The problem
The response should contain only those lines of the entries below that include the string "with".

Data for analysis

————

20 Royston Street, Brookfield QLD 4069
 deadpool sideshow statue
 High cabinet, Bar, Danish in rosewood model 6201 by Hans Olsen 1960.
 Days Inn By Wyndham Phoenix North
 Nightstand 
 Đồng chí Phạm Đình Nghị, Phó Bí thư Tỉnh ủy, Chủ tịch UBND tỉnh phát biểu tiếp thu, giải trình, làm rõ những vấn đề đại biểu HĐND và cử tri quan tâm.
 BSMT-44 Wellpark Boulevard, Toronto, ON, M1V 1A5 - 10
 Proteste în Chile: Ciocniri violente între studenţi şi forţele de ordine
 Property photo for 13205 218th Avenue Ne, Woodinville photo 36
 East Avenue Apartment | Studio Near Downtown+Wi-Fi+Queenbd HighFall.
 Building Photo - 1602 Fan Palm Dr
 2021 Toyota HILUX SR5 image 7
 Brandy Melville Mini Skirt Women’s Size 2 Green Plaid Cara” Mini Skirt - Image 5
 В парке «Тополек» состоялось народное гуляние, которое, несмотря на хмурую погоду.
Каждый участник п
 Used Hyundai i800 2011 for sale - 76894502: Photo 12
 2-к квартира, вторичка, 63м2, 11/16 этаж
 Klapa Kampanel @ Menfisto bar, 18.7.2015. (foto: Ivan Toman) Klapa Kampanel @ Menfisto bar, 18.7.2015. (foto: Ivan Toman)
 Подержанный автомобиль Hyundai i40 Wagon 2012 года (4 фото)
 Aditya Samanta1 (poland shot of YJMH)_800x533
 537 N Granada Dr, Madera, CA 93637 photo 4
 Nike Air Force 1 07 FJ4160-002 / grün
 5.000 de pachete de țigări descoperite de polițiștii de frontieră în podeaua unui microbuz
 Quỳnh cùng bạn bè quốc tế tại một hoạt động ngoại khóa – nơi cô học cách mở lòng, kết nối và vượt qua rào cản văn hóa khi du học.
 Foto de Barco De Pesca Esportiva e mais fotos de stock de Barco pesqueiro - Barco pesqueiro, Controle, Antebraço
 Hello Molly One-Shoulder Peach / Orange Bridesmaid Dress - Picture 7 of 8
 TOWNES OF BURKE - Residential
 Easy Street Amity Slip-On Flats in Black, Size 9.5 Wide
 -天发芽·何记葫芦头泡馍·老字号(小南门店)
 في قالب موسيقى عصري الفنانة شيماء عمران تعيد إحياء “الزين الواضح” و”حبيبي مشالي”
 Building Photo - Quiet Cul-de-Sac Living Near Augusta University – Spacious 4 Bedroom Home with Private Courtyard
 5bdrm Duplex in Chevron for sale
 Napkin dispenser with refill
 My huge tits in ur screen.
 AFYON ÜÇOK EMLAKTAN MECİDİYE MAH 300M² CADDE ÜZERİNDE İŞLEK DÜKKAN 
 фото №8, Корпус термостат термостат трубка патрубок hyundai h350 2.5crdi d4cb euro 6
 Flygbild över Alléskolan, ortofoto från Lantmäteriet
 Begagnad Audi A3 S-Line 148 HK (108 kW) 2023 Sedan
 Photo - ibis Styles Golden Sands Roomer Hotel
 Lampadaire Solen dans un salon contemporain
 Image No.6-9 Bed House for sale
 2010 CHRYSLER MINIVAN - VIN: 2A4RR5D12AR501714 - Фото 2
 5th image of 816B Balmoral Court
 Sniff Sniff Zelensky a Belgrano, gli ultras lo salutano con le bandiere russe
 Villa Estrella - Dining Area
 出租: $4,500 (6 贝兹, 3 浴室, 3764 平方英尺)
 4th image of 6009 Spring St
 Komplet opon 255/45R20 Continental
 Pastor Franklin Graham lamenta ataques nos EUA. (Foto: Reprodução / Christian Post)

————

Problem solution
 Building Photo - Quiet Cul-de-Sac Living Near Augusta University – Spacious 4 Bedroom Home with Private Courtyard
 Napkin dispenser with refill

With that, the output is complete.